"All life is only a set of pictures in the brain among which there is no difference between those born of real things and those born of inward dreaming." Lovecraft "What summons us forth, then, is the image which is not the divine but for the moment contains the numinous." James Hollis
Thursday, November 17, 2016
the belated, truncated halloweenfest: alone in the dark
(1982. dir: Jack Sholder) An overlooked classic from the eighties, it's a slasher movie, a home invasion film, a lunatics-escaped-from-the-asylum story.

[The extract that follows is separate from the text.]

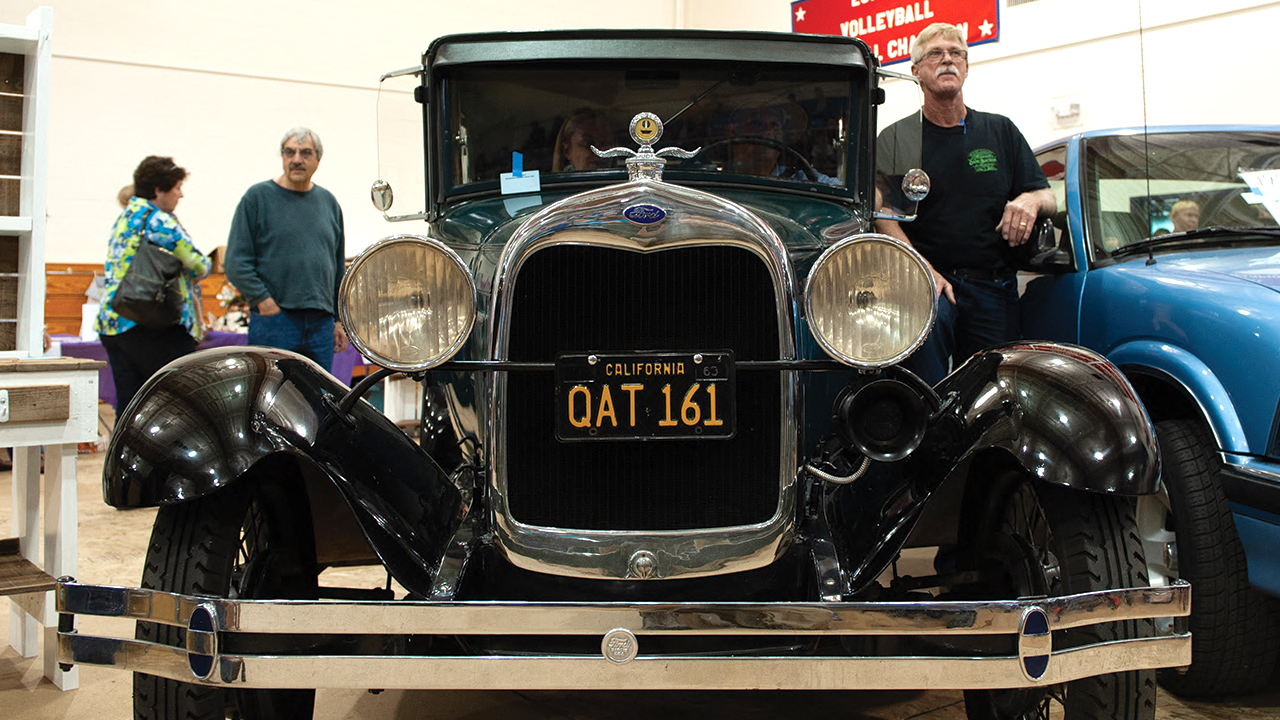 Jerry Koop, right, stands by an antique Ford at the 2013 West Coast Mennonite Relief Sale at Fresno Pacific University in California. — Kevin Malamma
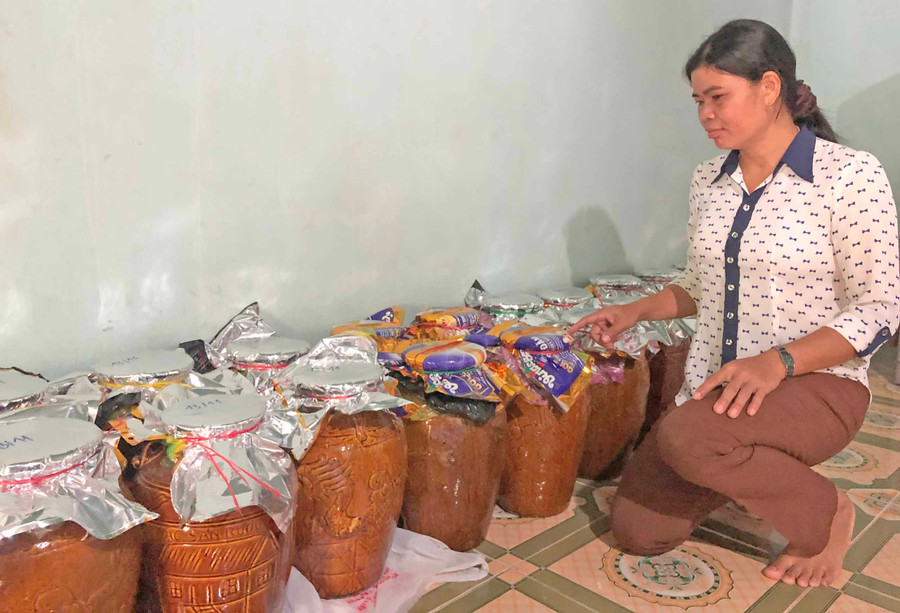 Chị Ksor H’Ben (buôn Biah A) cẩn thận kiểm tra từng ghè rượu nơi góc nhà. Ảnh: Anh Huy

It's got a satirical message to deliver about the violence of society, and, although it's a little heavy-handed, its wry sensibility and near-flawless cast sees it through.
A blackout frees the most dangerous lunatics (termed "voyagers" by sensimilla-smoking head-shrink Donald Pleasence, uncomfortable with the connotations of "psychopath", a man whose laissez-faire approach leads him to allow matches on request to a pyromaniac) from an asylum and they target the family of a new doctor, convinced that he has murdered his predecessor, whom they respected. Imagine the joy of an underplayed (!) menace by looney-in-chief Jack Palance, truly glorious, or the infectious glee of Martin Landau's butcher-knife-brandishing preacher roaring, "Vengeance is mine, saieth the Lord!" It's got all the tropes, the punished-by-death teenaged-babysitter sex, gruesome murders by crossbow, cleaver, and baseball bat, and a creepy, neon-lit dream sequence to open the festivities.
It doesn't shirk the blood, guts, rising tension, or jump-scares, enjoying itself thoroughly the entire way.